Com um spot cheio de sorrisos e tom motivacional, a campanha de Hillary Clinton escolheu o clima pós-crise para tentar reanimar o entusiasmo democrata. O vídeo mostra histórias de “gente comum”, a debilidade dos políticos em campanha: mães solteiras, latinos, afro-americanos, jovens, pessoas próximas da aposentadoria, casais gays, trabalhadores, todos os protagonistas do “sonho americano”, que volta depois da crise. E Hillary tenta se misturar e ser um deles.

Essa imagem de “uma mais” responde corretamente um dos principais problemas que enfrenta Clinton, mas não garante o sucesso. Sua família e a do ex-presidente Bill Clinton é parte do 1% que hoje se encontra no centro do descontentamento social nos Estados Unidos. Os Clinton possuem uma fortuna milionária, e são uma das famílias que governou os Estados Unidos durante duas décadas em alternância com os Bush (Bush pai 1989-1993, Clinton 1993-2001, e Bush filho 2001-2009).

A geração do milênio viveu a maior parte de sua vida governada por essas famílias, e são os protagonistas dos movimentos contestatórios em curso (Occupy Wall Street, Fight15, Black Lives Matter).

Clinton foi secretária de Estado do governo de Barack Obama até fevereiro de 2013. Apesar de a sua gestão ter sido considerada positiva, ficou marcada pela morte de quatro diplomatas (incluindo o embaixador) na Líbia. Recentemente, esteve envolvida em uma polêmica por ter usado seu e-mail pessoal para discutir assuntos oficiais (proibido pela legislação estadunidense). Até o momento, tem reagido com elegância às consequências, mas o assunto não está encerrado.

A aposta da “máquina Clinton” (como sua campanha ficou conhecida) parece recriar um entusiasmo parecido ao gerado por Obama em 2008, após derrotar a própria Clinton nas primárias. Hoje, com os piores momentos de recessão e desemprego no cenário, Hillary se propõe a ser a “defensora” do povo que trabalha e se esforça, e que sua candidatura acompanhe o “renascer” após a crise.

“Os estadunidenses tem lutado para superar as dificuldades econômicas, mas a balança ainda está inclinada a favor dos que estão em cima”, disse Hillary à câmara. O partido Democrata quer voltar a ganhar o apoio dos setores que tradicionalmente votaram nele. Obama chegou à Casa Branca com as expectativas desses setores, mas já foi possível notar a decepção em sua reeleição em 2012.

Entre os desafios que Clinton deverá superar, está desvencilhar-se o máximo possível do desgaste do governo Obama, que já conta com várias promessas não cumpridas, como o fechamento de Guantánamo ou o fim da guerra e da ocupação. No plano nacional, uma das principais dúvidas democráticas é a reforma da imigração, ao que se somam novos problemas e demandas, como o salário mínimo e os protestos contra o racismo.

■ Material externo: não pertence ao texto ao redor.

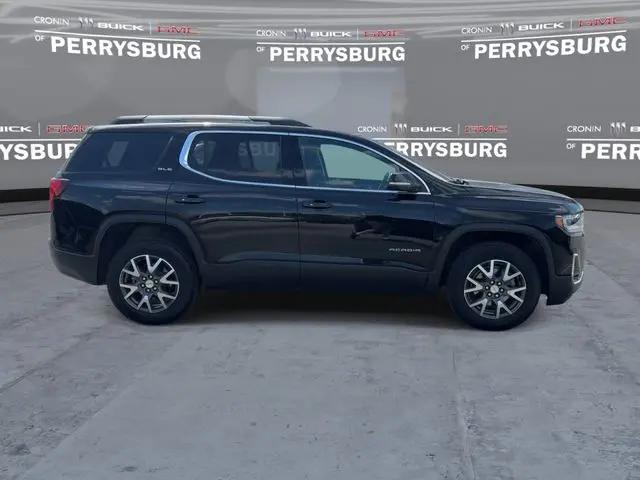 2023 GMC Acadia FWD SLE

O presidente Obama antecipou seu apoio durante a recente Cúpula das Américas, o qual confirma o respaldo do establishment a campanha de Clinton. Também, coloca uma sorte de continuidade, e uma passagem do legado que Obama quer deixar como marca de sua administração: a recuperação do emprego e certa recuperação econômica em nível nacional, e a recomposição das relações diplomáticas com Irã e com Cuba, rompidas há décadas na política externa, um legado significativo para uma administração nova (ainda mais considerando as ameaças republicanas de reverter esta política exterior no caso de um republicano chegar à Casa Branca).

Uma das questões mais interessantes é como vai pesar na disputa a crise aberta em dois dos atores que jogam forte para os democratas: a burocracia sindical e os líderes do movimento negro. Ambas as direções enfrentam desafios, cada uma à sua medida: o movimento operário, a crise dos sindicatos e o surgimento do movimento pelo salário mínimo e o movimento negro, os protestos contra o racismo e os atritos que surgiram com as figuras tradicionais como Al Sharpton ou Jesse Jackson (ambos democratas).

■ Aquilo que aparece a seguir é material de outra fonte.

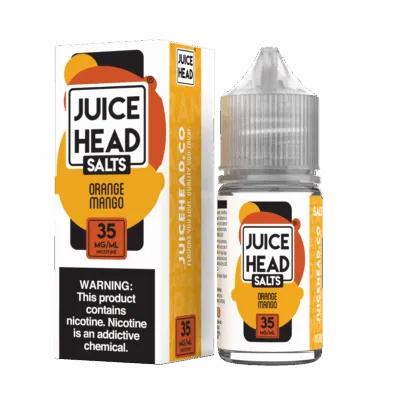 Juice Head Orange Mango Salts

Apesar de o sistema político garantir uma disputa presidencial apenas entre os dois partidos que governam o país desde a sua fundação, Clinton se prepara para uma campanha em que não jogarão apenas os candidatos concorrentes.
Mesmo sem a possibilidade de candidaturas presidenciais, resta saber qual papel irão desempenhar na discussão os movimentos, ou as tentativas de setores de esquerda que apostam com alguma ambição ocupar cargos locais (com um pouco de oportunismo, mas também como expressão de movimentos reais, como mostrou o triunfo da esquerda em Seattle 2014).

Já em 2013, as eleições locais em várias cidades mostraram expressões de um giro à esquerda, em todo o espectro político (o partido Republicano escolhendo um moderado, na eleição de De Blasio – filho político dos Clinton - e o mais evidente, o triunfo de uma candidata abertamente socialista em Seattle). O partido Democrata registrou esse giro, e o spot da campanha de Clinton é uma mostra de que não irão renunciar ao voto progressista e descontente, sinal que aspiram ganha-lo.